Number of time points per vessel ranges from 6560 to 204261 .
Here are 10 vessels with mmsi ID and the number of AIS time points: 

mmsi
9924005022437      55933
10880510825243    117980
11170005450471     14360
18199244904065     17129
26616040923734     29073
36212632719018    106659
38322969102051    170686
38992105566132     10302
39005622580143    122160
43935946737362     86465
dtype: int64


#### Model 1: Logistic regression

We could train a logistic regression model to classify a set of AIS and GPS tracks as overlapping or not overlapping with some probability. I would apply the general method of maximum likelihood to estimate the coefficents for each feature. I would also see if colinearity exists between features (and remove one of the corrlating features) and whether regularization of the coefficients improves model performance on validation and test sets. When predicting whether an AIS and GPS track is overlapping using our logistic regression model, we could initially consider a probability > 0.5 as overlapping. But this cutoff can be optimized to reduce false positives or false negatives. I would evaluate the model's performance with metrics such as AUC-ROC and F1-score.

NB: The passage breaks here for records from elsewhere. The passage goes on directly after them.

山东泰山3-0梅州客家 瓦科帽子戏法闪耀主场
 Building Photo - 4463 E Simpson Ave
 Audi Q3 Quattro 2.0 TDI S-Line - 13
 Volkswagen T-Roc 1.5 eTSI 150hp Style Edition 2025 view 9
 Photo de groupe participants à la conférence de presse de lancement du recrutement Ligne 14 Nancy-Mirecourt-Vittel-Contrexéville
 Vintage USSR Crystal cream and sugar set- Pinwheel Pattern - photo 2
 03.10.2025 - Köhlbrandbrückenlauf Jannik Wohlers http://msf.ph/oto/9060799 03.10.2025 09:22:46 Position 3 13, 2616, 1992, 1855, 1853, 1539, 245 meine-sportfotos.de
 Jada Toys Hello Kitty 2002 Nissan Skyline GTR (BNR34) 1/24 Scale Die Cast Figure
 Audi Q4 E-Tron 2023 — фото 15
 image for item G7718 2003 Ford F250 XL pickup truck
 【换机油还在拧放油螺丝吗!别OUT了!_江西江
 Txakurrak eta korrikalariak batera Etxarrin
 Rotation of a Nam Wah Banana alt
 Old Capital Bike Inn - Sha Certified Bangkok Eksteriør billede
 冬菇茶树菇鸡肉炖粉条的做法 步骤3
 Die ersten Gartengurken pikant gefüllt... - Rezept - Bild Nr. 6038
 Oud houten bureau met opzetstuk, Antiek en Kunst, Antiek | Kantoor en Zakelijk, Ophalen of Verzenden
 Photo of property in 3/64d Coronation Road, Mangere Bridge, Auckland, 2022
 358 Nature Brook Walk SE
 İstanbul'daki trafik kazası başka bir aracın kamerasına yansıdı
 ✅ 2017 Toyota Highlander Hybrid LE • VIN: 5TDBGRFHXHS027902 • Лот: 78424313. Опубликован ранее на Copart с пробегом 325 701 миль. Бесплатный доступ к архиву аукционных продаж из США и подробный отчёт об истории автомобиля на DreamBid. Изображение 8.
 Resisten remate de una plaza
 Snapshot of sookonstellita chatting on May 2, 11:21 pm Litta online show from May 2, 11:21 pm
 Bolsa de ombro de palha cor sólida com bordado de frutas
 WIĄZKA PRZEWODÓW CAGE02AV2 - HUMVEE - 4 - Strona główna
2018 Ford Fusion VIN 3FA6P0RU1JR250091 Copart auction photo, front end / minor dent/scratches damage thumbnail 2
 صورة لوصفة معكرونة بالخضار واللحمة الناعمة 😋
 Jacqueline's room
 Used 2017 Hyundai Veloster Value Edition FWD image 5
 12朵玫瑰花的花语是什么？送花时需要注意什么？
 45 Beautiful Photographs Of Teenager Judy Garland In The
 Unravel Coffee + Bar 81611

#### Model 2: Support vector machine (non-linear decision boundary)

We could also train a SVM model to classify a set of AIS and GPS tracks as overlapping or not overlapping. I would optimize the classifer to minimize overfitting with the trade-off for more false negatives by including a tuning parameter (a constant) determined by cross-validation. The performance of the SVM model would be based on AUC-ROC curves.

#### Model 3: Forecasting locations using time series

For the two models proposed above, what if there is insuffient information in the features to build an accurate classifier? Or what if a rich training/validation/test set with positive (overlapping, one vessel) and negative (non-overlapping, two vessels) examples of AIS and GPS locations is not available? 

One way to deal with this is to restructure the GPS data as a time series to forecast (fill in) longtitude/latitude locations. This is shown in the figure below where we use the known GPS locations (green vessels) to predict GPS locations in the "gaps" (pink vessels). Then we can apply statisical methods to determine if a certain number (determined by optimization) forecasted and known GPS for a vessel are each highly correlated (overlap) with known AIS time points. If so, we would consider that the AIS and GPS tracking corresponds to the same vessel. 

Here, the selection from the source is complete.